• Exercise: Reproduce the data exactly and drop any pictures it holds.

• Stored items from a collection:
== Segment start ==

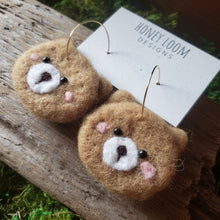 Load image into Gallery viewer, Hand Felted Teddy Bear Earrings
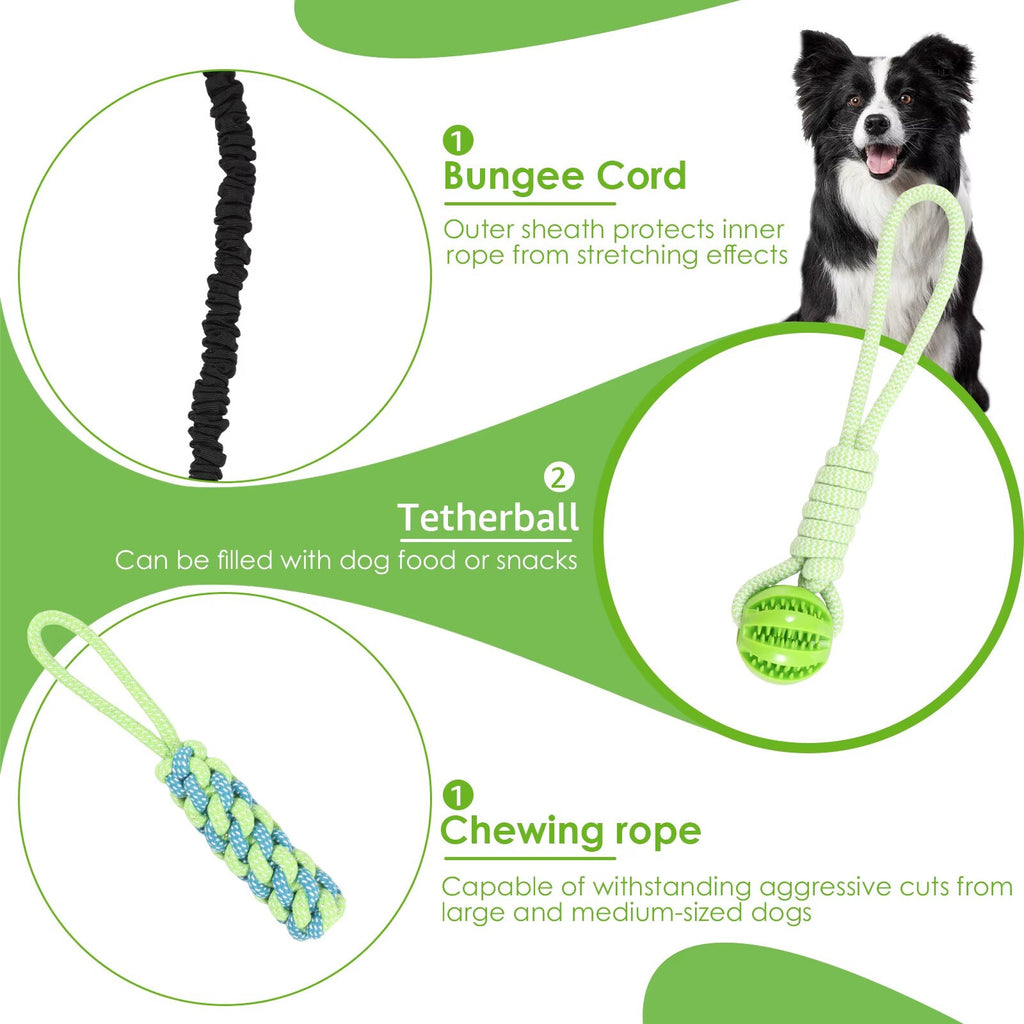 2 Set Interactive Dog Tug Toy Rope – Hanging Bungee Pull Toy for Indoor and Outdoor Play
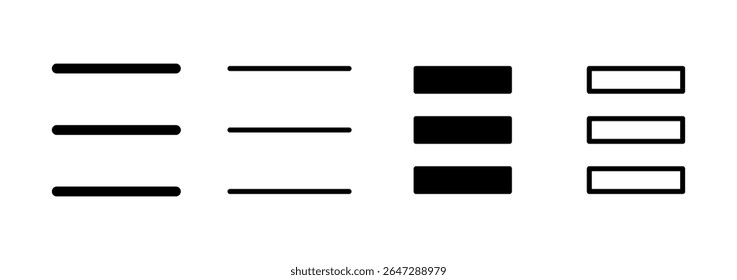 Ícone do menu design do logotipo. símbolo e símbolo do menu web. símbolo do menu hamburger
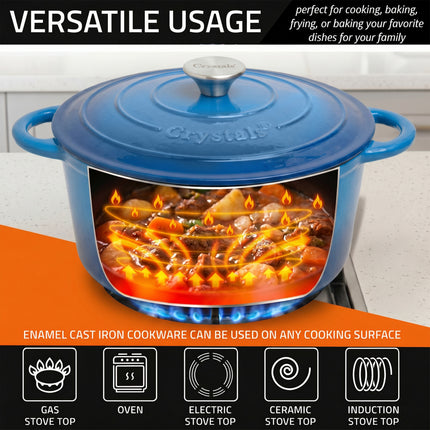 6.6L Dutch Oven Cast Iron Dish Pot With Lid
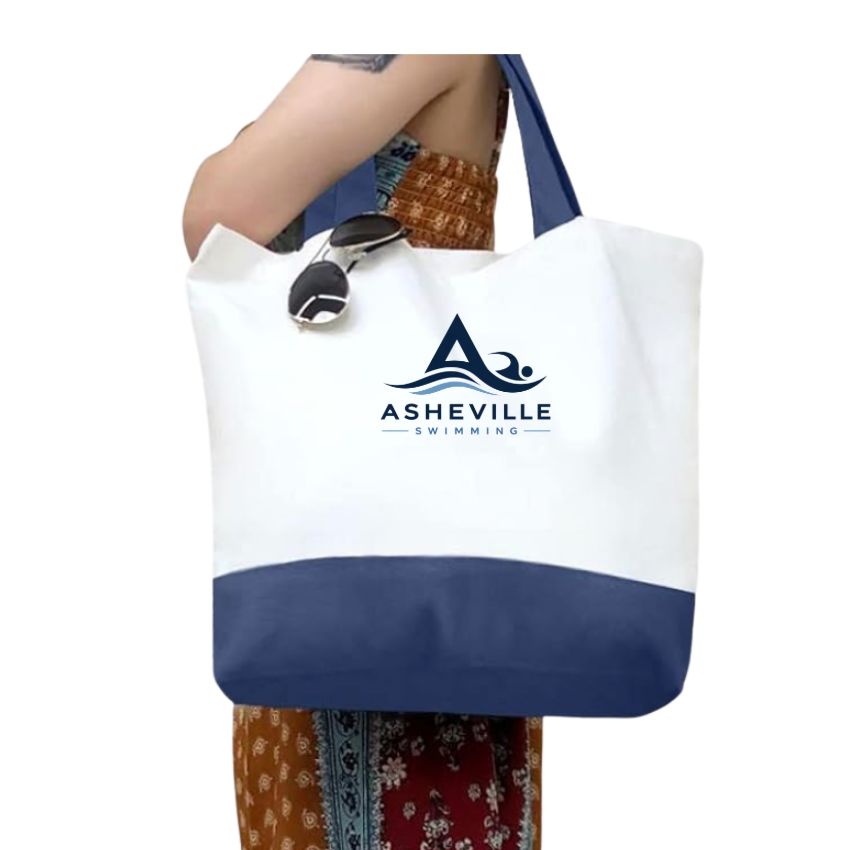 Asheville Swimming Canvas Tote Bag - White & Navy - Embroidered Logo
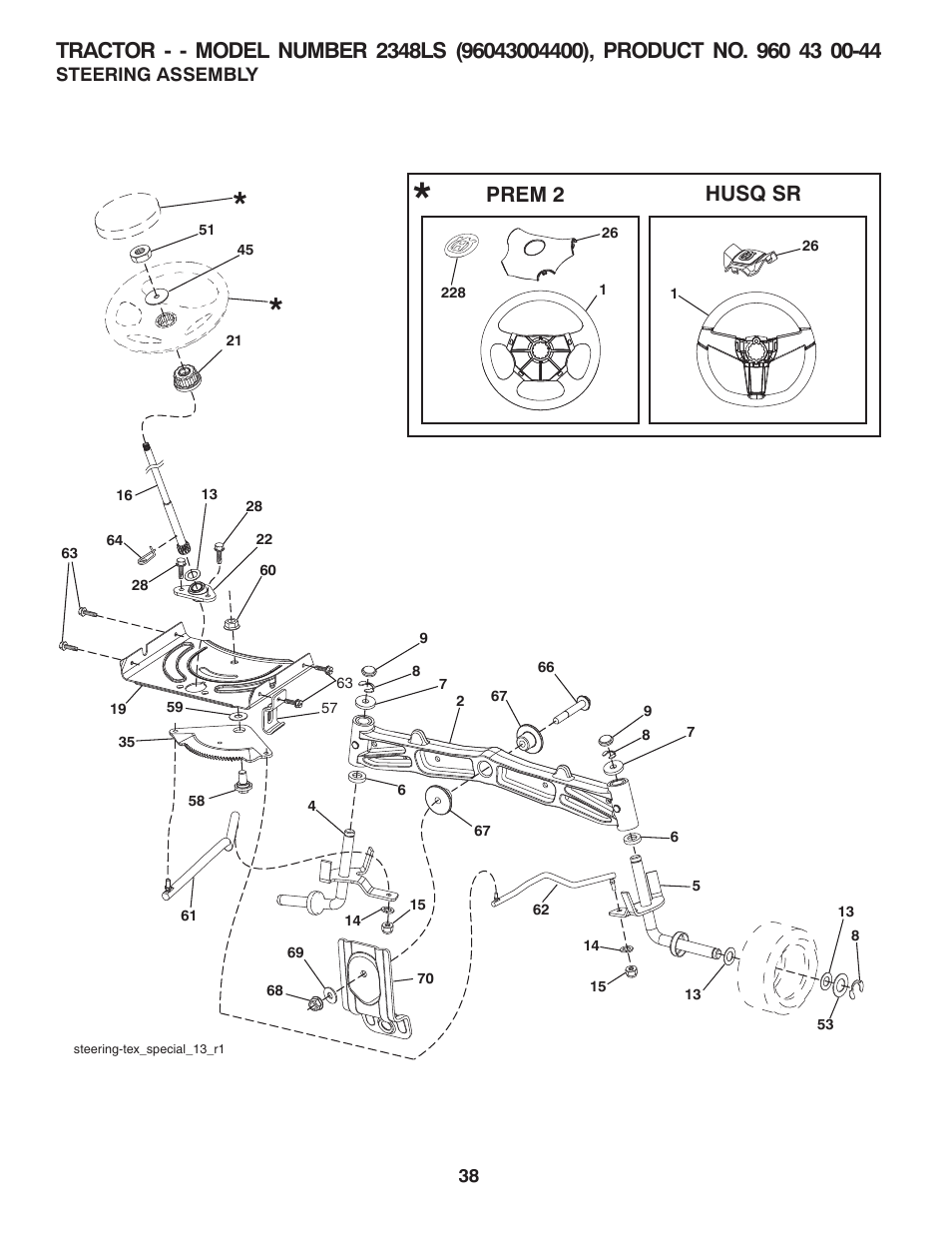 Steering assembly, Husq sr prem 2 | Univex 96043004400 User Manual | Page 38 / 48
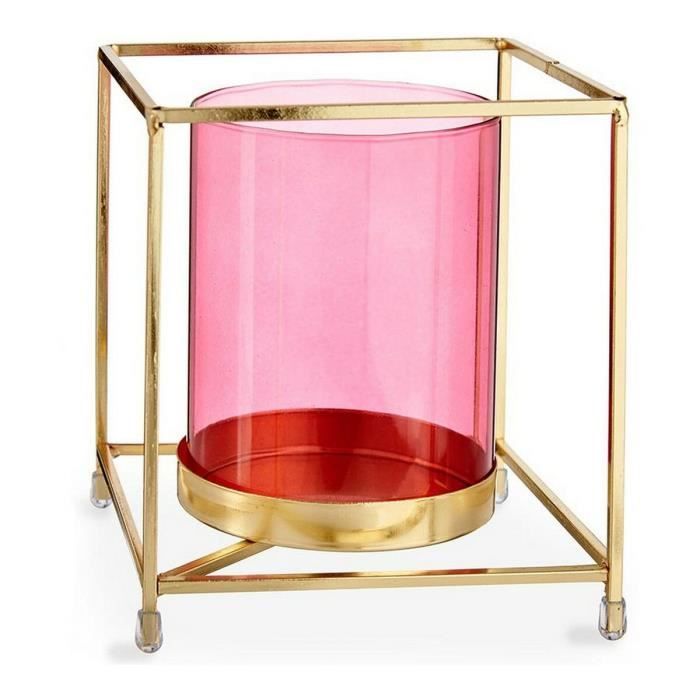 Bougeoir - Carré - Rose doré - Métal - Verre - 14 x 15,5 x 14 cm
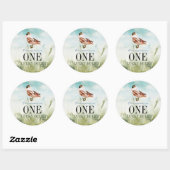 One Lucky Duck Waterverf Boy 1e Verjaardag Ronde Sticker (Vel)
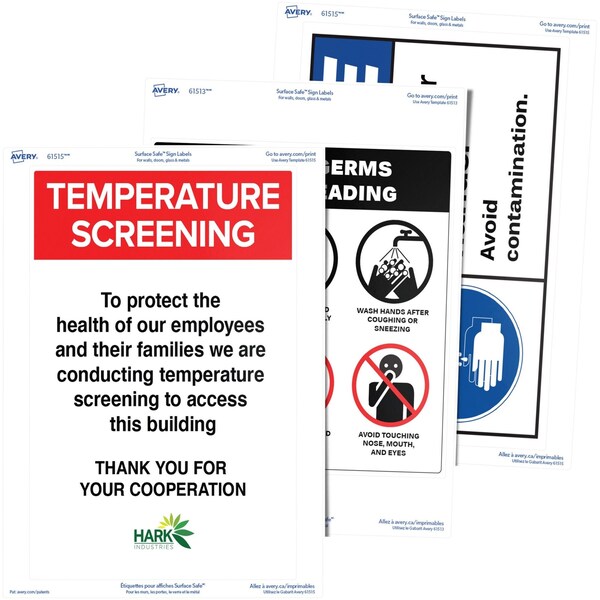 Avery Safety Sign, 9-7/16" W x 3-1/8", PK15 - 7278261515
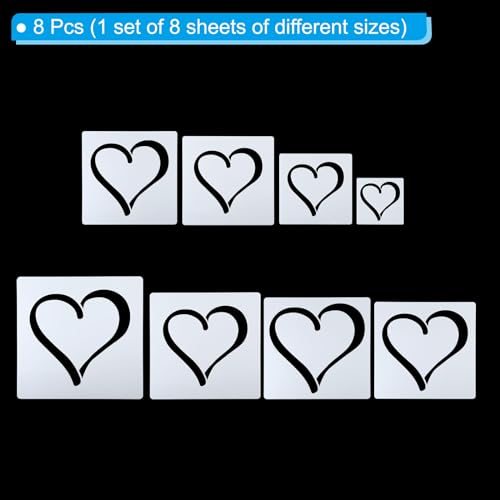 Heart Painting Stencils, 8 Pack Paint Stencils Reusable Painting Template view 3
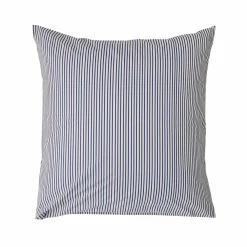 Parure de lit percale Aulne - Rayures Bleu Nautique - 240 x 220 cm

== Segment end ==

• Response area:
 Load image into Gallery viewer, Hand Felted Teddy Bear Earrings
 2 Set Interactive Dog Tug Toy Rope – Hanging Bungee Pull Toy for Indoor and Outdoor Play
 Ícone do menu design do logotipo. símbolo e símbolo do menu web. símbolo do menu hamburger
 6.6L Dutch Oven Cast Iron Dish Pot With Lid
 Asheville Swimming Canvas Tote Bag - White & Navy - Embroidered Logo
 Steering assembly, Husq sr prem 2 | Univex 96043004400 User Manual | Page 38 / 48
 Bougeoir - Carré - Rose doré - Métal - Verre - 14 x 15,5 x 14 cm
 One Lucky Duck Waterverf Boy 1e Verjaardag Ronde Sticker (Vel)
 Avery Safety Sign, 9-7/16" W x 3-1/8", PK15 - 7278261515
 Heart Painting Stencils, 8 Pack Paint Stencils Reusable Painting Template view 3
 Parure de lit percale Aulne - Rayures Bleu Nautique - 240 x 220 cm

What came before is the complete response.